There is a theatrical flamboyance about the narrative. The burlesque action moves quickly and somehow Pavlov creates the impression of actors rushing about behind the curtains as the set is being changed. Away from the infirmary and the all-conquering rodents, extends the steppe, vast and empty. Yet hacked out within it is a firing range, "a training ground, quiet as a graveyard, a sandy, rocky site in the steppe" presided over by Abdullayev, a former prison guard, who had lost his hearing "during some field exercises held on the anniversary of the October Revolution". His army career seemed to have ended; only Abdullayev made canny use of "his humble but lovingly tended livestock" and presented a lamb to the relevant members of the medical commission. In true Catch-22 style, each of them "duly reasoned that a man who was deaf, in all senses of the word, could in fact be endowed with hearing".
It was with Abdullayev that Alyosha had worked, laboured in fact, often risking his life and sanity to re-erect targets while under heavy fire. A rapport eventually develops between them, with the older man offering the young soldier his chance of immortality in the form of a steel tooth. It is the promise of this dental enhancement which brings Alyosha to the infirmary. Institutov has pressing business and requires the young soldier’s assistance. They set off on a mission to find a body which is due to be despatched to Moscow.

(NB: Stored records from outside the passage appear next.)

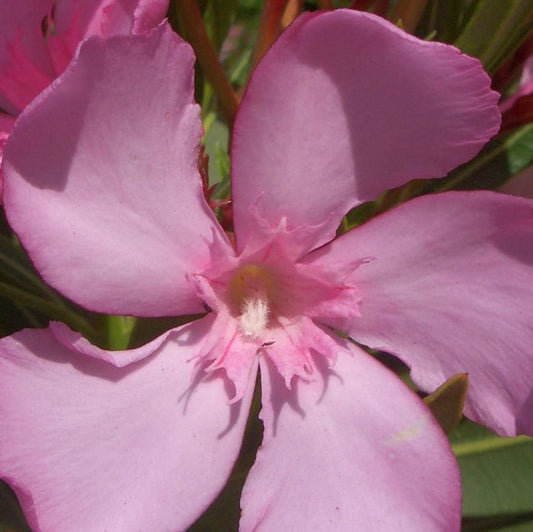 Oleander 80-100 cm Nerium oleander Rosa -Emile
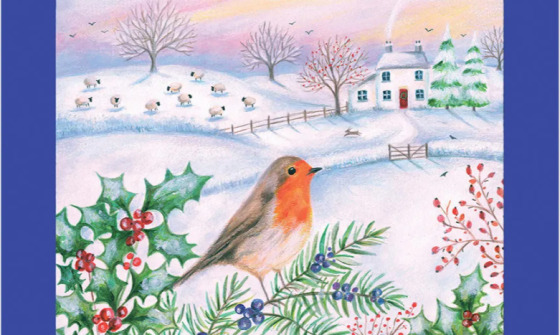 Dunnes Christmas cards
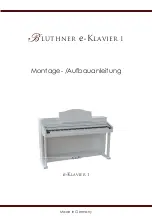 Предварительный просмотр 1 страницы bluthner e-KLAVIER 1 Assembly Instructions Manual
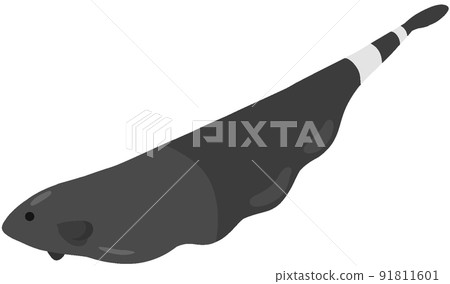 Black ghost knife fish 91811601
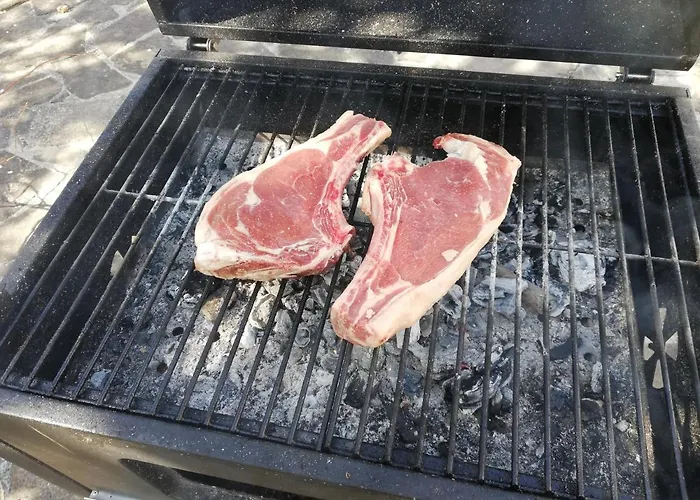 El Fenal De Turmo El Capricho De Nieves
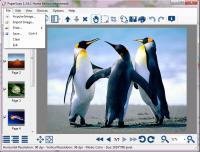 PaperScan Home Edition 1.8.4 screenshot. Click to enlarge!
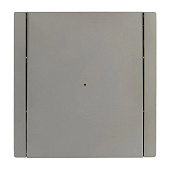 Выключатель встраиваемый 1 клавиша, цвет сталь, с подсветкой, IEK FORTE&PIANO Выключатель встраиваемый 1 клавиша, цвет сталь, с подсветкой, IEK FORTE&PIANO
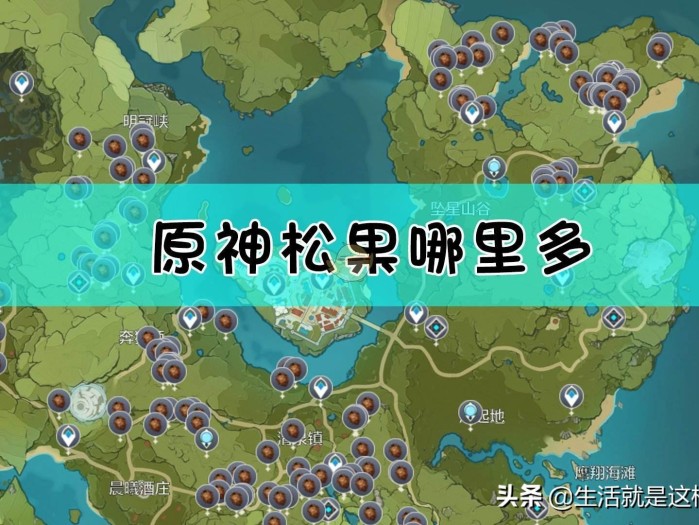 原神松果在哪采集？松果收集地点图文介绍
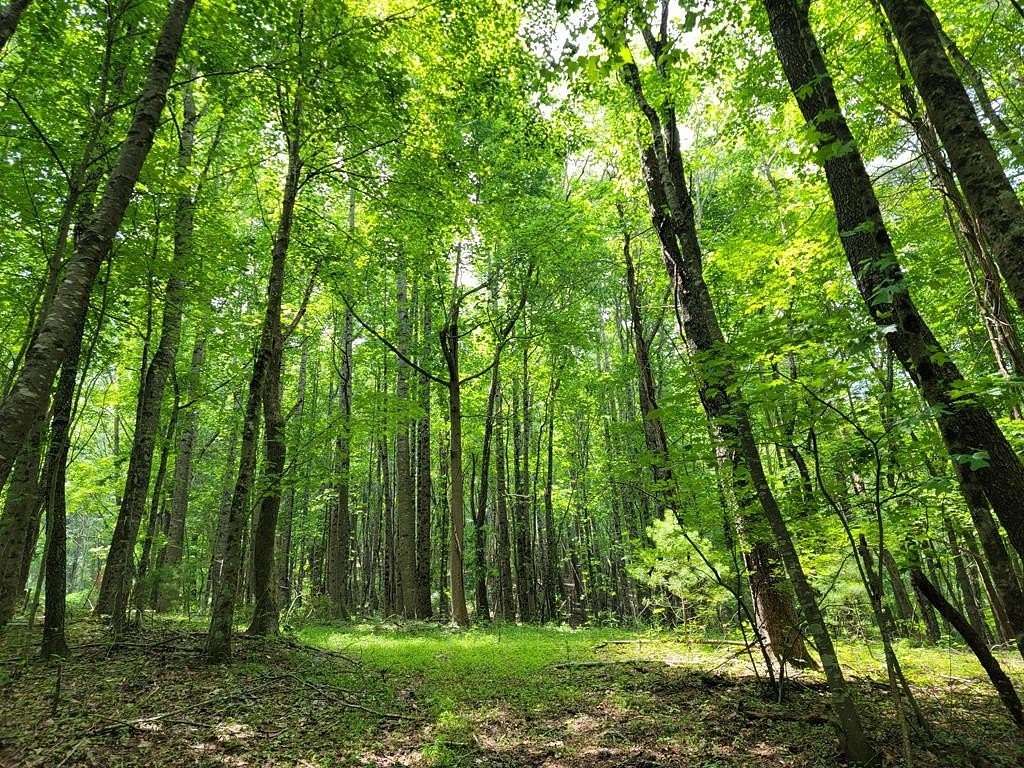 25.6 Acres of Land for Sale in Fries, Virginia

In the course of fulfilling the task, they are confronted with a combination of half-hearted officialdom, laziness and general stupidity. When asked to surrender his uniform to the corpse, Alyosha duly obliges. The nuclear engineer father of the deceased man appears and asks to see his son’s body, causing an irate Institutov to bark: “What is it you want now? Have you been tailing me? Is this some sort of set-up? I’ll call the police.” On hearing that the father had been involved in the Chernobyl emergency rescue, he taunts him: “Well, of course, these days we have every last tramp cleaning up some emergency . . .” and he subjects the father to shrieking abuse as well as the routine threat of an asylum.
Later as it seems that somehow they have succeeded in getting the body en route to Moscow, Institutov announces: “In a few days’ time, this wagon will arrive in Gennady’s home town, unless of course, the train is derailed. Reality isn’t pampering us with good news anymore.”
In the closing sequence, the bereaved father is hosting a shambolic wake of sorts in a rail carriage. The party ends with a deadly and grotesque flourish echoing satirist Alexander Zinoviev. It is an impressive set piece within a narrative which for all its high-speed chaos is deliberate and carefully structured. True to the Russian literary tradition which means so much to Pavlov, who rejects much of current Russian dystopian fiction, there is a poetic core to his heavily ironic requiem. In Alyosha, an inspired variation of Dostoyevsky’s Holy Fool or Idiot figure, who accepts suffering as inevitable, Pavlov has created a very human man with flaws, a heart and most definitely, a Russian soul.